Required work: Print the data below exactly, but only the lines from the one containing "3DHS – Modellflugzentrum Schweiz" down to the one containing "Used 2023 Nissan", inclusive.

Supplied information:
+===+

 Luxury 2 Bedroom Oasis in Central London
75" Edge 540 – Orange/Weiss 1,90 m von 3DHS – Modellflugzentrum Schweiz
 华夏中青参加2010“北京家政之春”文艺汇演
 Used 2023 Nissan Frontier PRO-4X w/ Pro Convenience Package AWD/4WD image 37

+===+

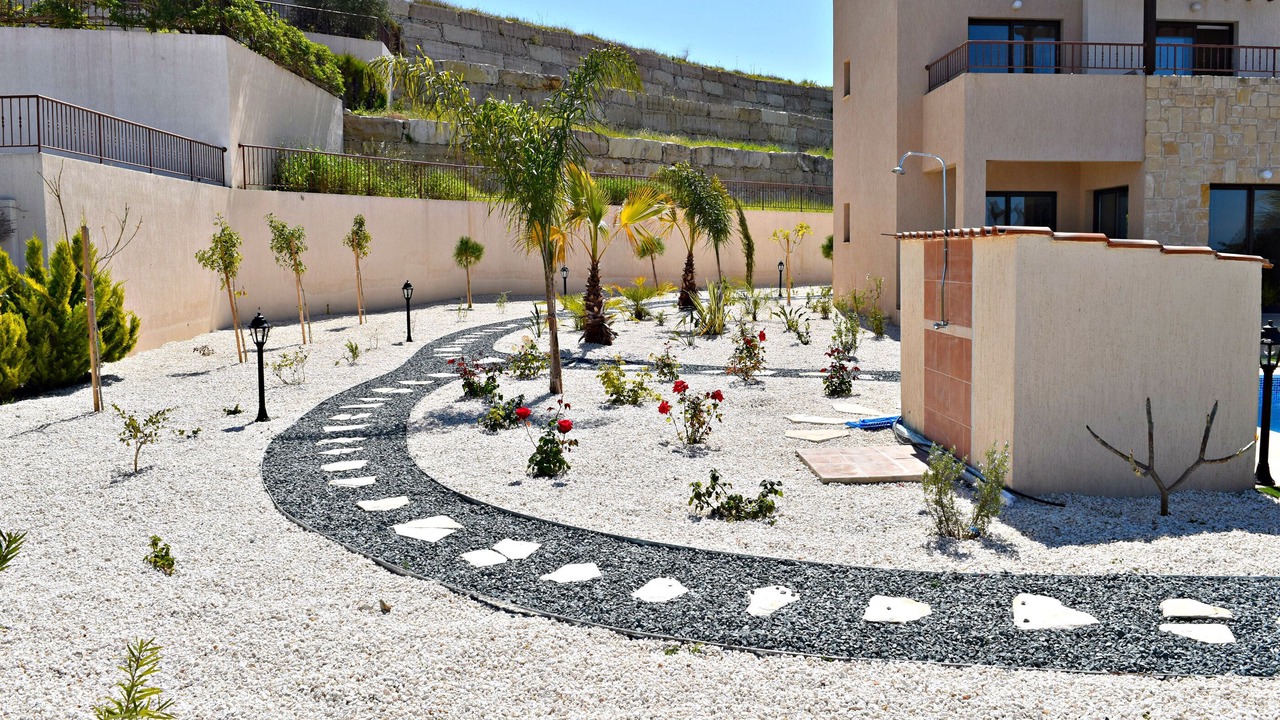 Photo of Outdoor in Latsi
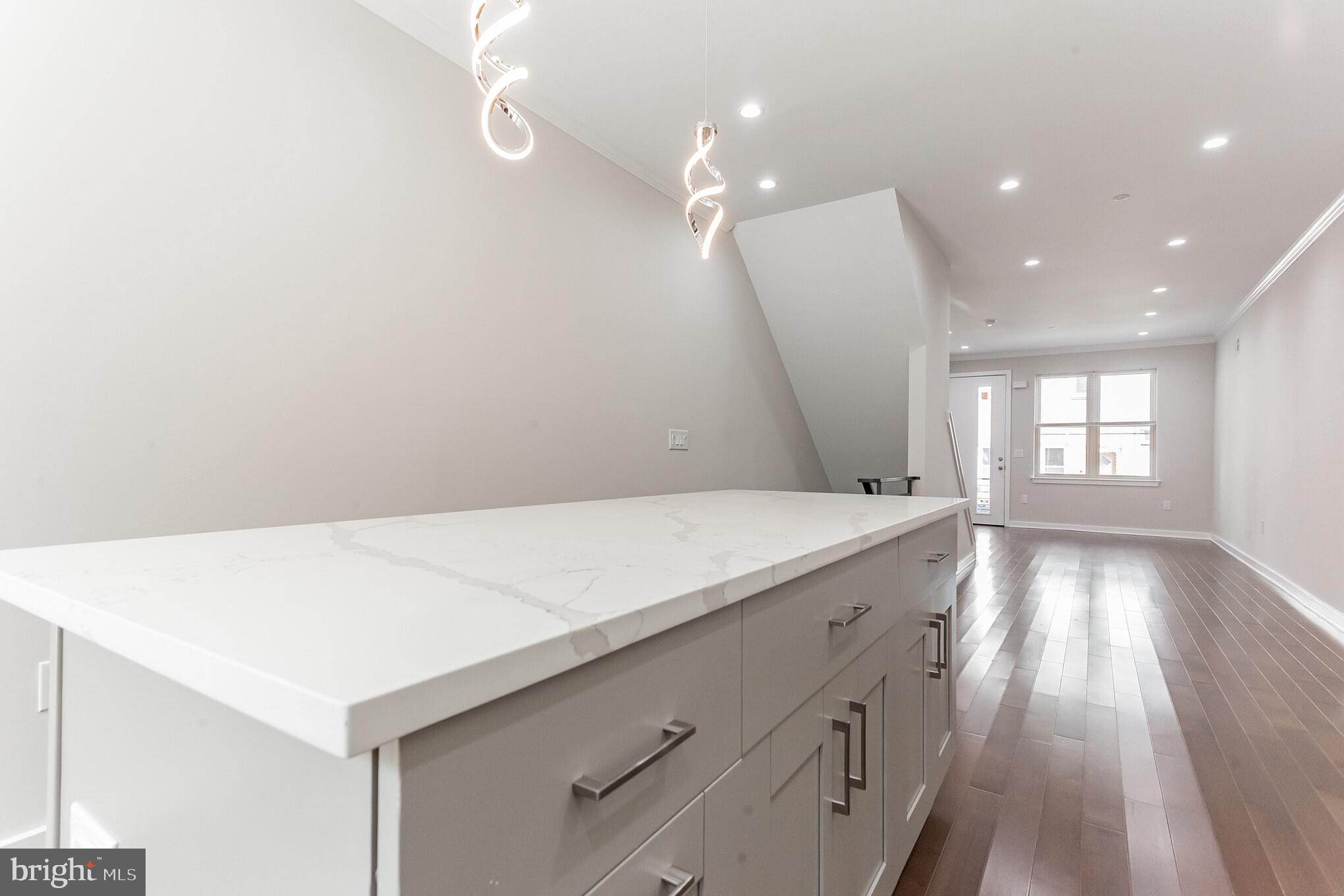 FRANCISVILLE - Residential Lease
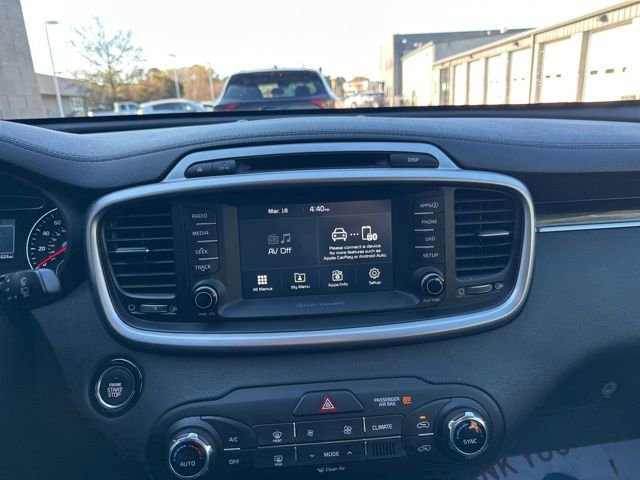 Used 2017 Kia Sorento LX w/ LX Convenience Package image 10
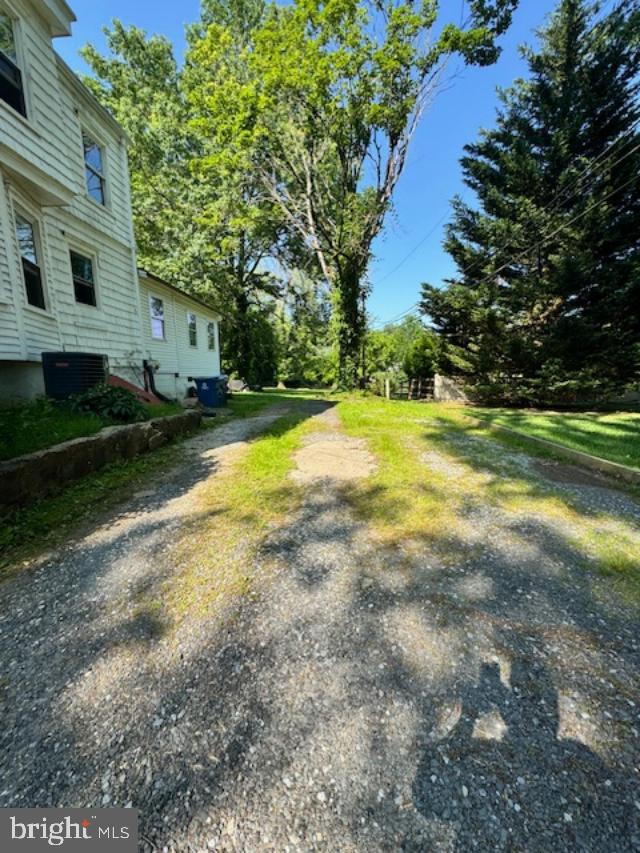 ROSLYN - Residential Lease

+===+

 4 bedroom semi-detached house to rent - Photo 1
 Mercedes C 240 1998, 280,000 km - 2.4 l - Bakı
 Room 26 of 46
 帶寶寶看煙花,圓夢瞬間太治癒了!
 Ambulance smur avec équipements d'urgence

+===+

Answer:
75" Edge 540 – Orange/Weiss 1,90 m von 3DHS – Modellflugzentrum Schweiz
 华夏中青参加2010“北京家政之春”文艺汇演
 Used 2023 Nissan Frontier PRO-4X w/ Pro Convenience Package AWD/4WD image 37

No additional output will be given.